Jurnal Aspek hukum Rangkap Jabatan Anggota DPR Sebagai Komisaris Persekutuan Komanditer ini termasuk sebagai penelian hukum normatif. Hal ini dikarenakan permasalahan hukum yang diteliti adalah berangkat dari adanya norma kabur atau vague of norms pada aturan larangan rangkap jabatan anggota DPR pada UU MD3.11 Selanjutnya, pada jurnal ini termuat sumber hukum primer, sekunder dan maupun.

Adapun pendekatan yang digunakan ialah statute approach yang melakukan pengkajian atas keseluruhan perundang-undangan yang terkait dengan ketentuan larangan rangkap jabatan anggota DPR dan conceptual approach yang membedah keberadaan DPR sebagai lembaga legislative di Indonesia dalam tataran konsep.12 Kemudian pengumpulan bahan hukum dilakukan dengan teknik studi dokumen sedangkan untuk teknik analisis dilakukan melalui analisis kualitatif.

  • III.    Hasil dan Pembahasan

    3.1    Pengaturan Larangan Rangkap Jabatan Terhadap Anggota DPR

Menelaah keberadaan DPR dalam konstelasi ketatanegaraan di Indonesia ialah sebagai lembaga perwakilan rakyat yang dalam pemilihannya dilakukan melalui suatu pemilihan umum sesuai yang dalam Pasal 19 ayat (1) UUD 1945. Menurut Jimly Asshidiqie, secara filosofis keberadaan dari DPR ialah mencerminkan kedaulatan rakyat dan persekutuan tertinggi negara yang mempunyai tujuan paling mulia dan luhur untuk membela kepentingan rakyat dan mensejahterakan rakyat.13 B.N Marbun menyatakan bahwa ada beberapa fungsi utama yang melekat pada DPR yakni yang pertama fungsi legislasi, fungsi kontrol terhadap pelaksanaan undang-undang, fungsi budgeting dalam anggaran negara, dan fungsi penyalur aspirasi masyarakat.14

Pada dasarnya fungsi legislasi menyangkut empat aspek yaitu legislative initiation, law making process, law enactment approval dan binding decision making on international agreementand treaties or other legal binding document.15 Secara khusus fungsi legislasi bertalian erat dengan upaya untuk mengejawantahkan aspirasi masyarakat melalui keputusan-keputusan politik yang diformulasikan ke dalam produk hukum undang-undangg.
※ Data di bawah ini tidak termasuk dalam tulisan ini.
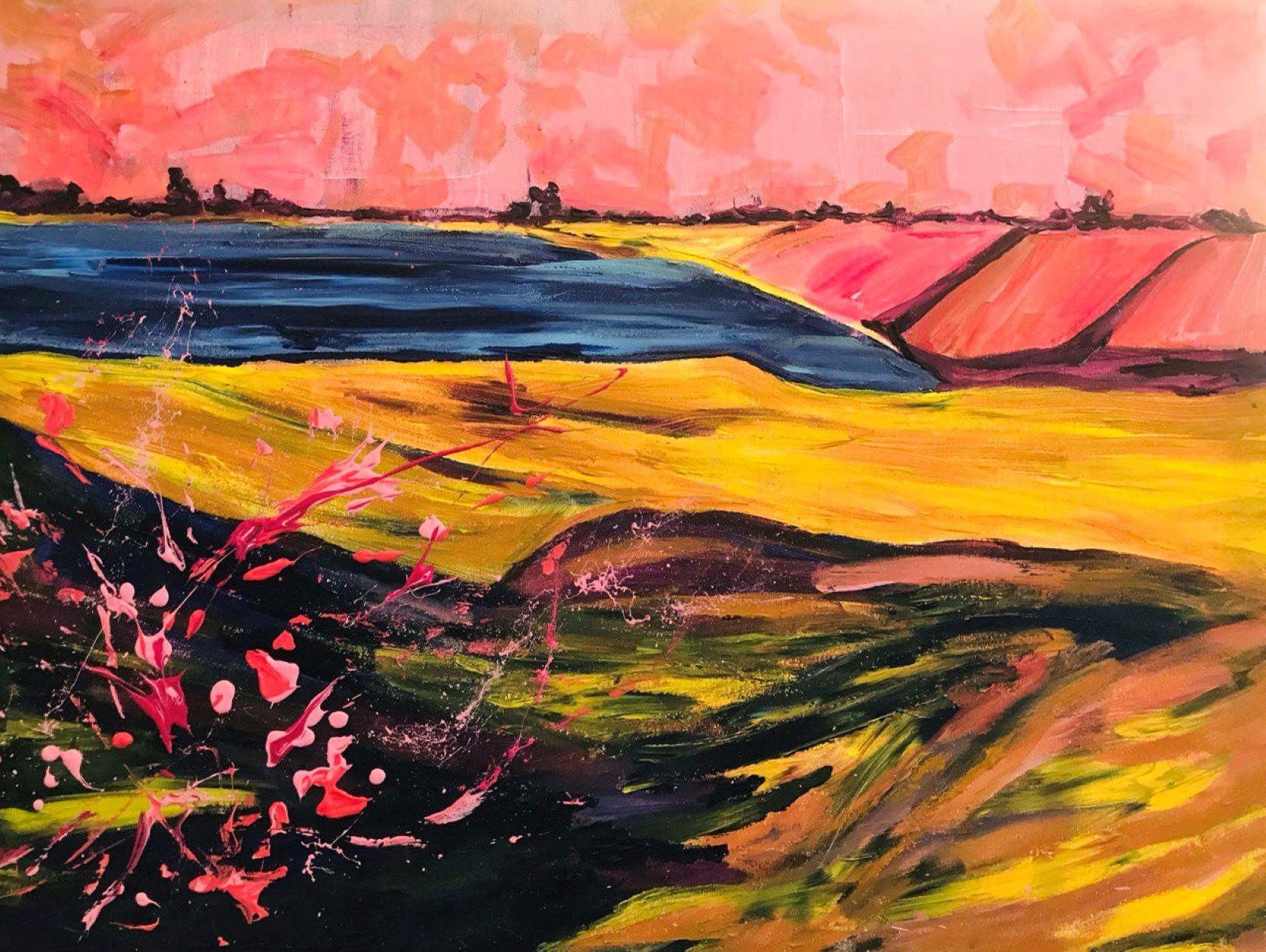 Whispers of the Horizon, Abstraktes Ölgemälde auf Leinwand, 2010-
Selanjutnya pada fungsi pengawasan ditekankan bahwa keberadaan DPR adalah untuk memastikan bahwa pelaksanaan kekuasaan yang dimiliki oleh pemerintah tidak menyimpang dari cita bangsa.
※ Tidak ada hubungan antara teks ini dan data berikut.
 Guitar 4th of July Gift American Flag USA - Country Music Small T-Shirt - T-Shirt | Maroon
Kemudian fungsi anggaran menitikberatkan pada pendistribusian anggaran agar sesuai dengan skala prioritas yang ditentukan sedangkan untuk fungsi representasi sendiri dikaitkan pada pelaksanaan tugas DPR dalam mewakili rakyat untuk memperjuangkan kesejahteraannya. Tornquist mengemukakan bahwa dalam fungsi representasi terdapat hal penting yang harus dipahami yaitu adanya pihak yang diwakilkan, pihak yang mewakili dan hal yang diwakilkan dalam konteks politik. Dalam kerangka teoritiknya, fungsi utama DPR ialah membuat undang-undang yang selanjutnya digunakan sebagai landasan hukum pemerintah untuk mengadakan kebijakan publik.16

Berdasarkan statute approach, pengaturan lebih lanjut terkait dengan DPR diatur melalui BAB III UU MD3.17 Adapun dalam Pasal 71 UU MD3 ditentukan beberapa kewenangan yang dimiliki DPR yakni:

“a. Membentuk undang-undang yang dibahas dengan Presiden untuk mendapat persetujuan bersama;

  • b.    Memberikan persetujuan atau tidak memberikan persetujuan terhadap peraturan pemerintah pengganti undang-undang yang diajukan oleh Presiden untuk menjadi undang-undang;

  • c.    Membahas rancangan undang-undang yang diajukan oleh Presiden atau DPR yang berkaitan dengan otonomi daerah, hubungan pusat dan daerah, pembentukan dan pemekaran serta penggabungan daerah, pengelolaan sumber daya alam dan sumber daya ekonomi lainnya, serta perimbangan keuangan pusat dan daerah, dengan mengikutsertakan DPD sebelum diambil persetujuan bersama antara DPR dan Presiden;

  • d.    Memperhatikan pertimbangan DPD atas rancangan undang-undang tentang APBN dan rancangan undang-undang yang berkaitan dengan pajak, pendidikan, dan agama;

  • e.    Membahas bersama Presiden dengan memperhatikan pertimbangan DPD dan memberikan persetujuan atas rancangan undang-undang tentang APBN yang diajukan oleh Presiden;

  • f.    Membahas dan menindaklanjuti hasil pengawasan yang disampaikan oleh DPD atas pelaksanaan undang-undang mengenai otonomi daerah, pembentukan, pemekaran dan penggabungan daerah, hubungan pusat dan daerah, pengelolaan sumber daya alam dan sumber daya ekonomi lainnya, pelaksanaan APBN, pajak, pendidikan, dan agama;

  • g.    Memberikan persetujuan kepada Presiden untuk menyatakan perang dan membuat perdamaian dengan negara lain;

  • h.    Persetujuan atas perjanjian internasional tertentu yang menimbulkan akibat yang luas dan mendasar bagi kehidupan rakyat yang terkait dengan beban keuangan negara dan/atau mengharuskan perubahan atau pembentukan undang-undang;

  • i.    Memberikan pertimbangan kepada Presiden dalam pemberian amnesti dan abolisi;

  • j.    Memberikan pertimbangan kepada Presiden dalam hal mengangkat duta besar dan menerima penempatan duta besar negara lain;

  • k.    Memilih anggota BPK dengan memperhatikan pertimbangan DPD;

  • l.    Memberikan persetujuan kepada Presiden atas pengangkatan dan pemberhentian anggota Komisi Yudisial;

m.Memberikan persetujuan calon hakim agung yang diusulkan Komisi Yudisial untuk ditetapkan sebagai hakim agung oleh Presiden; dan

  • n. Memilih 3 (tiga) orang hakim konstitusi dan mengajukannya kepada Presiden untuk diresmikan dengan keputusan Presiden.”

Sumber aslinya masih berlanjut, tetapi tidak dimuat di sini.